In their search for facts men have confused truths with truth. The words of Christ, "Ye shall know the truth, and the truth shall make you free," have been wrenched from their context and used to stir people to the pursuit of knowledge of many kinds with the expectation of being made "free" by knowledge. Certainly this is not what Christ had in mind when He uttered the words.

Such truths as men discover in the earth beneath and in the astronomic heavens above are properly not truths but facts. We call them truths, as I do here, but they are no more than parts of the jigsaw puzzle of the universe, and when correctly fitted together they provide at least a hint of what the vaster picture is like. But I repeat, they are not truth, and more important, they are not the truth. Were every missing piece discovered and laid in place we would still not have the truth, for the truth is not a composite of thoughts and things. The truth should be spelled with a capital T, for it is nothing less than the Son of God, the Second Person of the blessed Godhead.

The human mind requires an answer to the question concerning the origin and nature of things. The world as we find it must be accounted for in some way. Philosophers and scientists have sought to account for it, the one by speculation, the other by observation, and in their labors they have come upon many useful and inspiring facts. But they have not found the final Truth. That comes by revelation and illumination.

They who believe the Christian revelation know that the universe is a creation. It is not eternal, since it had a beginning, and it is not the result of a succession of happy coincidences whereby an all but infinite number of matching parts accidentally found each other, fell into place and began to hum. So to believe would require a degree of credulity few persons possess. "I had rather believe all the fables in the Legend, and the Talmud, and the Alcoram," said Bacon, "than that this universal frame is without a mind. And therefore God never wrought miracles to convince atheism, because His ordinary works convince it."

Those who have faith are not thrown back upon speculation for the secret of the universe. Faith is an organ of knowledge. "Through faith we understand that the worlds were framed by the word of God, so that things which are seen were not made of things which do appear." The voice of Eternal Wisdom declares, "In the beginning God created" and "In the beginning was the Word .... All things were made by him; and without him was not any thing made that was made."

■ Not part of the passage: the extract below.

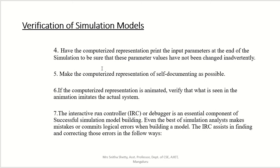Sixth: if the computerized representation is animated, verify that what is seen in the animation emits the actual system. Do the animation and check how your model verifies with the animation — that means how it matches with the actual real system.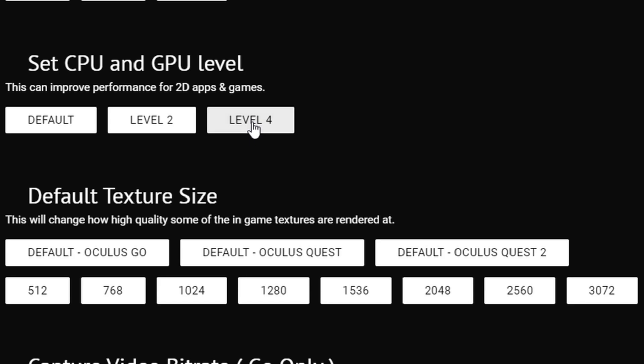This increases the smoothness and fluidity of games and apps, but also reduces the battery life. Next, go to Texture Size. You can change it from anywhere between 512 per eye to 3072. I would not go 3072 though, as the performance suffers dramatically and the Quest stutters quite a bit. I would only recommend changing it to 2048, as that gave me the best performance to resolution ratio.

All things came out of the Word, which in the New Testament means the thought and will of God in active expression and is identified with our Lord Jesus Christ. It is the Son who is the Truth that makes men free.

Not facts, not scientific knowledge, but eternal Truth delivers men, and that eternal Truth became flesh to dwell among us. "This is life eternal, that they might know thee the only true God, and Jesus Christ, whom thou hast sent."

Not only the origin of things is revealed, but the nature of things as well. Because the origin of all things is spirit, all things are at bottom spiritual also. This is a moral universe; it is governed by moral laws and will be judged by moral laws at last. Man above all creatures possesses moral perception and is answerable to the spiritual laws that pervade and sustain the world. Pure materialism-that is, the doctrine that matter is the primordial constituent of the universe is not natural to the human mind. It requires a chronic violation of our basic instincts to accept it as an explanation of the nature of things. And Paul tells us in the first two chapters of his Epistle to the Romans how men get into a state of mind to accept such falsehood.